Not too long ago, I lost one of my semi-regular gigs to another photographer. It wasn't over rates or availability or who knows who, it was because the other photographer's work trumped mine.
Hard to swallow.
Hard to accept.
Hard to admit to.
After finding out about my displacement, I'll admit to taking a peek at this other photographer's work. I was duly impressed. Looked like nice stuff. Really nice stuff!
But then, out of the blue, I received a phone call from my former (occasional) client. They wanted me back.
"What happened to your new shooter?" I asked.

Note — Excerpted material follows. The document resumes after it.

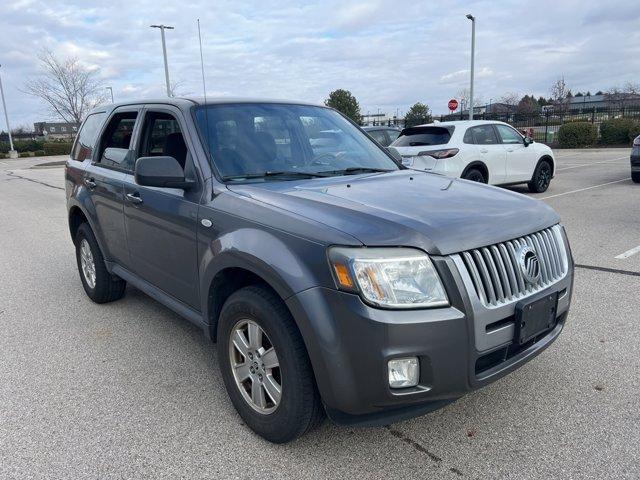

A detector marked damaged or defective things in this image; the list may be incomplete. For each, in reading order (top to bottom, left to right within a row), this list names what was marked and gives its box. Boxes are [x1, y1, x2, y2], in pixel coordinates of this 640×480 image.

pavement crack [4, 170, 63, 190]
pavement crack [576, 262, 640, 278]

"We decided to stop using him," I was told. "His work wasn't very good."
"What do you mean his work wasn't very good?" I said. "I took a look at it and thought it was pretty good!" I honestly added, probably foolishly, looking gift horses in the mouth and all that.
"Well, the work in his portfolio kicks ass," the client said.
"But the problem is," the client continued, "The pictures in his portfolio don't really represent his work."
"You mean he stole someone's work and called it his?" I asked, rather incredulously.
"No." The client told me. "It was all his work."
"So what gives?" I asked.
"Well," the client said, "The guy is one helluva Photoshopper. But as a photographer, he kinda sucks."
"He does?" I asked, again rather incredulously.
"Okay, maybe he doesn't suck." The client said. "But he's not that good. He knows how to Photoshop his pictures. He knows how to do that incredibly well. He probably puts lots of hours into each of his photos," the client added. "But that's about it. And that's not the kind of stills shooter we need."
Ya see, in my work, I don't process images. Someone else does that. Most others who do my sort of work don't process images either. Leastwise, not for our clients we don't. That's the job of the art guys. So if the art guys say someone's work sucks, i.e., the unprocessed, out-of-the-camera work that's handed in sucks (or really isn't very good) and needs lots of heavy post-production work to fix, that person is in big trouble, at least in terms of keeping their production gigs.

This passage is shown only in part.